● **Problem statement**
From the material below, retype exactly the lines that begin at the line with "If you want" and end after the line with "As you can see"; pictures stay out of the copy.

● **Material for this task**
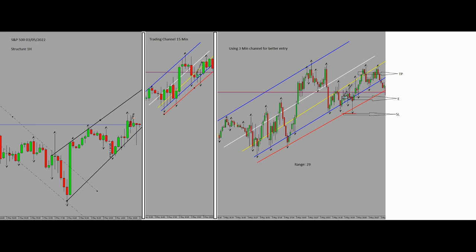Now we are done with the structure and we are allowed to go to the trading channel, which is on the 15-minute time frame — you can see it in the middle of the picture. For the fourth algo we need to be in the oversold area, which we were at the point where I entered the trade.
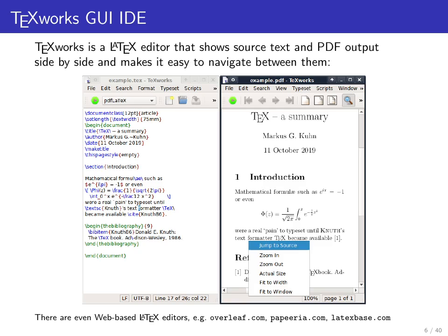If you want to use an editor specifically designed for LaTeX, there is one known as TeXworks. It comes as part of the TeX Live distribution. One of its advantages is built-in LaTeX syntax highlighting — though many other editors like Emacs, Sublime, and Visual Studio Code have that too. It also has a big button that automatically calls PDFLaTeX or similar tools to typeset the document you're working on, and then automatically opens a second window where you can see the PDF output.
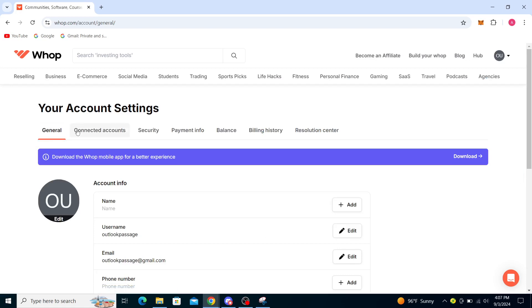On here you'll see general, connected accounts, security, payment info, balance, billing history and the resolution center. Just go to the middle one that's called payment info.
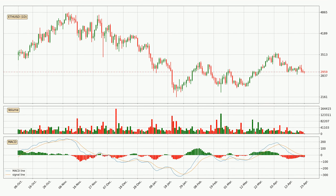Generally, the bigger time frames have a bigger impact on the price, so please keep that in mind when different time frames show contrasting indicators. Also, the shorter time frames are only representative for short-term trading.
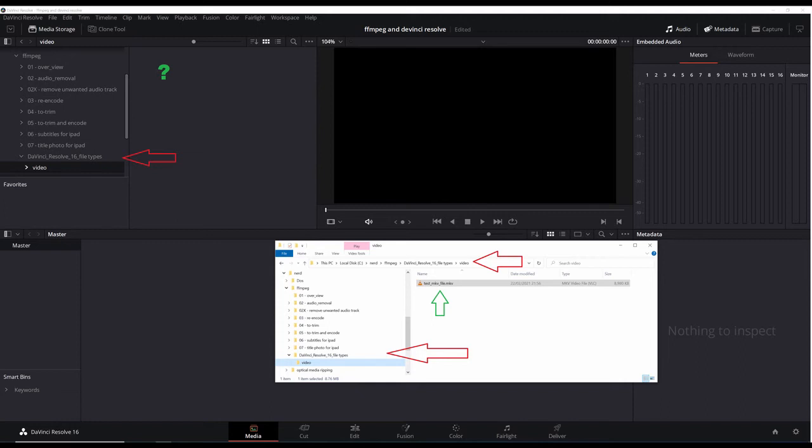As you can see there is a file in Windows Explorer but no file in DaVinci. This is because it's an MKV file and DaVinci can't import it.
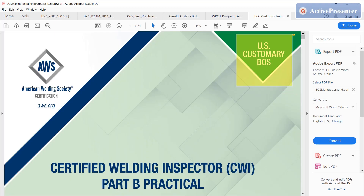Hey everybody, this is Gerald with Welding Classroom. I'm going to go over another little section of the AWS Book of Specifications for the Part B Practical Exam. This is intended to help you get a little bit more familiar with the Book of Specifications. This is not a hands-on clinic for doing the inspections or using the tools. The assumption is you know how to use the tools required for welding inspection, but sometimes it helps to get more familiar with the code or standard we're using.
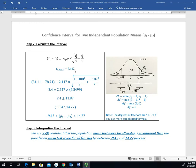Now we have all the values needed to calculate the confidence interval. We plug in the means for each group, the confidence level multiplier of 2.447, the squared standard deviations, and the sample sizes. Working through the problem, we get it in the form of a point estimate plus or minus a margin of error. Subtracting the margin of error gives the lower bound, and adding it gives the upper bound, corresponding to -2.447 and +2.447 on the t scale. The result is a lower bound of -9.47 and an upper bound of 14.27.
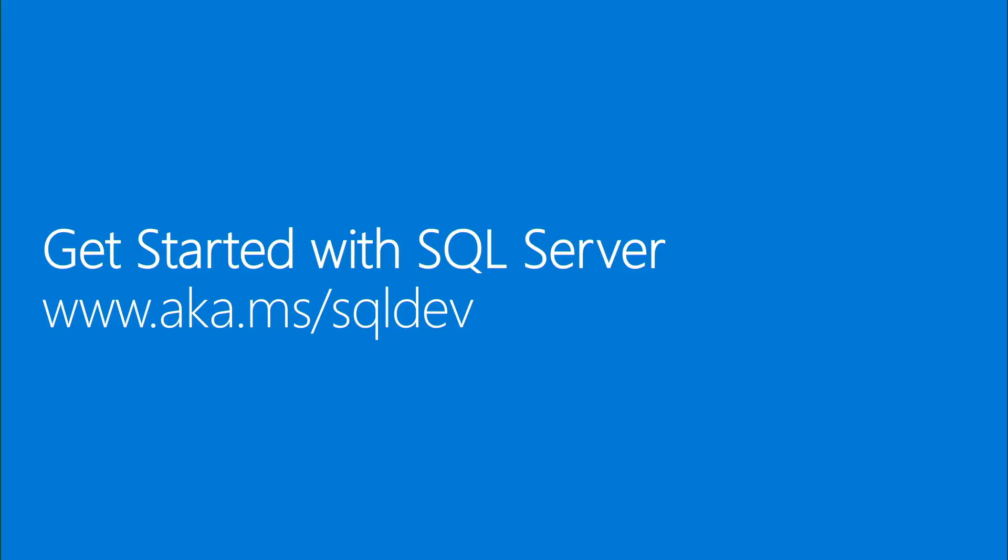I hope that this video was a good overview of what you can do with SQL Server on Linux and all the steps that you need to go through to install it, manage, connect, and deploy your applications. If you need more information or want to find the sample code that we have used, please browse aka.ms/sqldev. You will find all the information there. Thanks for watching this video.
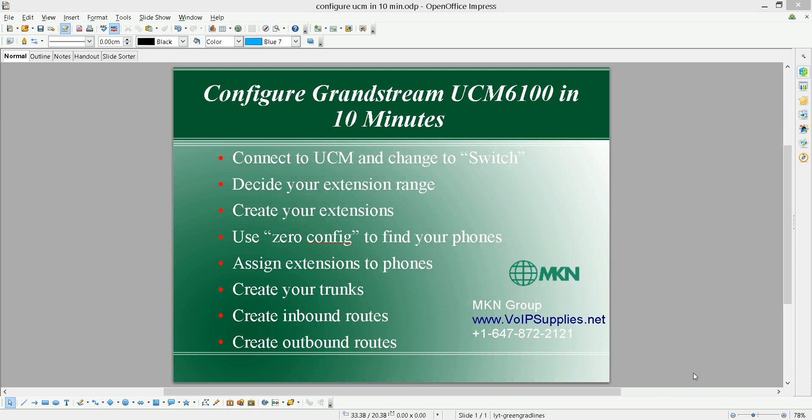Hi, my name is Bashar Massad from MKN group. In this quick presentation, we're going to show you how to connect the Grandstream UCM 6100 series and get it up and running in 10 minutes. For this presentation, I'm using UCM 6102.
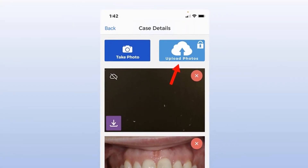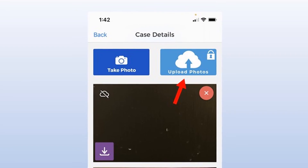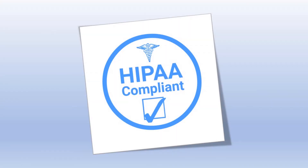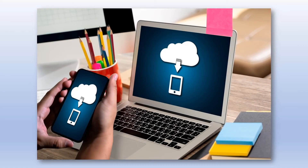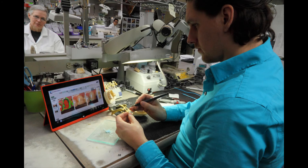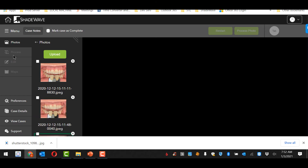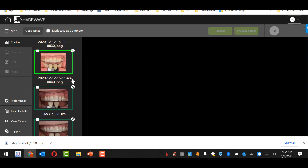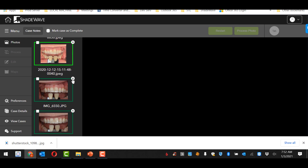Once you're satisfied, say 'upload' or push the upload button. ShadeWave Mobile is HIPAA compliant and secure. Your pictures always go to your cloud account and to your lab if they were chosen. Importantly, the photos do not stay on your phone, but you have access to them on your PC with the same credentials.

● **Answer to the exercise**
If you want to use an editor specifically designed for LaTeX, there is one known as TeXworks. It comes as part of the TeX Live distribution. One of its advantages is built-in LaTeX syntax highlighting — though many other editors like Emacs, Sublime, and Visual Studio Code have that too. It also has a big button that automatically calls PDFLaTeX or similar tools to typeset the document you're working on, and then automatically opens a second window where you can see the PDF output.
On here you'll see general, connected accounts, security, payment info, balance, billing history and the resolution center. Just go to the middle one that's called payment info.
Generally, the bigger time frames have a bigger impact on the price, so please keep that in mind when different time frames show contrasting indicators. Also, the shorter time frames are only representative for short-term trading.
As you can see there is a file in Windows Explorer but no file in DaVinci. This is because it's an MKV file and DaVinci can't import it.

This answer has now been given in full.